• [WORK ITEM]:
I'd like the data beneath this line reproduced exactly, without any of its images.

• [RECORDED DATA]:
BEGIN

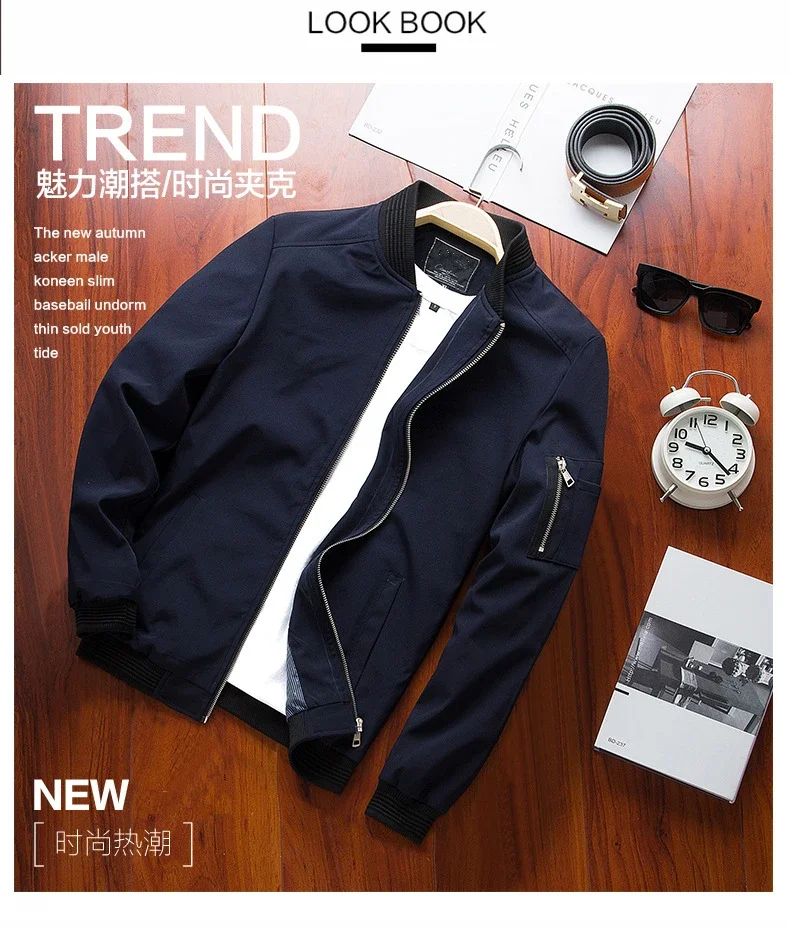 Description Picture 4 of itemmens jackets Military coats Brand Mens Jackets Plus Size Sportswear Bomber Jacket Baseball Jackets Men's casual Autumn Slim Fit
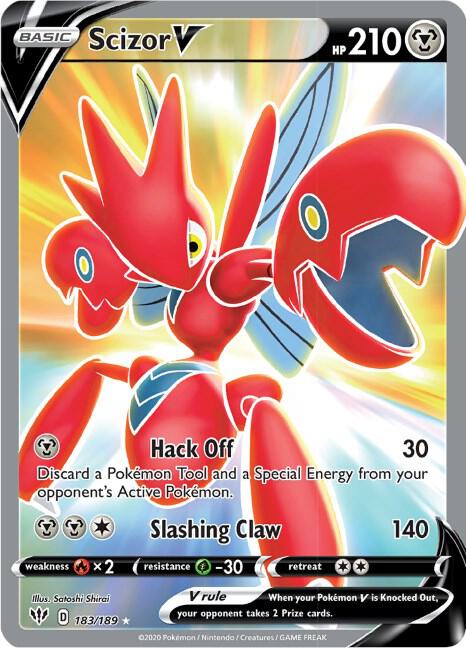 Scizor V 183/189 (SWSH03: Darkness Ablaze)  - Holofoil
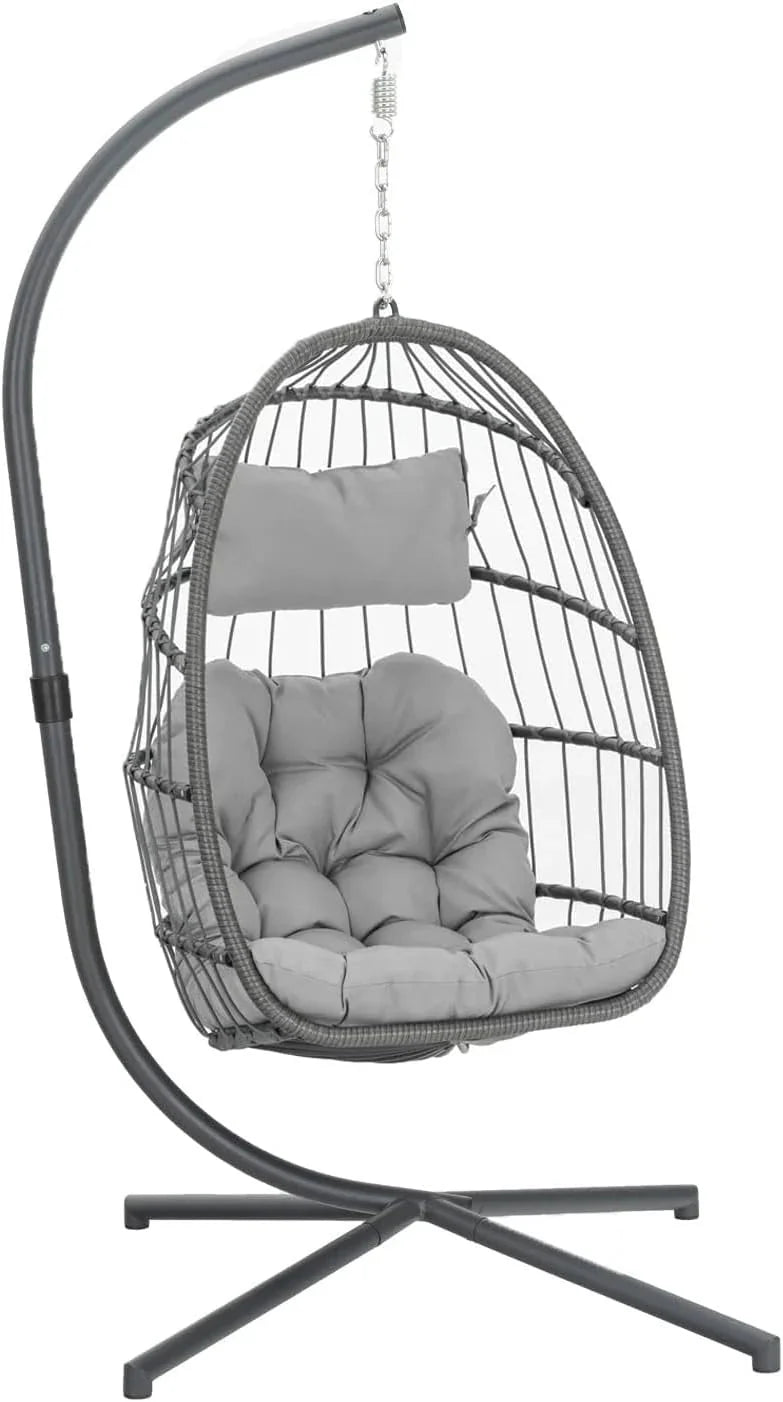 Yechen Indoor Outdoor Wicker Hanging Egg Chair With Stand, 38 x 38 x 78 Inches, 350 lbs, Charcoal Grey - EG-001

END

• [OUTPUT BELOW]:
 Description Picture 4 of itemmens jackets Military coats Brand Mens Jackets Plus Size Sportswear Bomber Jacket Baseball Jackets Men's casual Autumn Slim Fit
 Scizor V 183/189 (SWSH03: Darkness Ablaze)  - Holofoil
 Yechen Indoor Outdoor Wicker Hanging Egg Chair With Stand, 38 x 38 x 78 Inches, 350 lbs, Charcoal Grey - EG-001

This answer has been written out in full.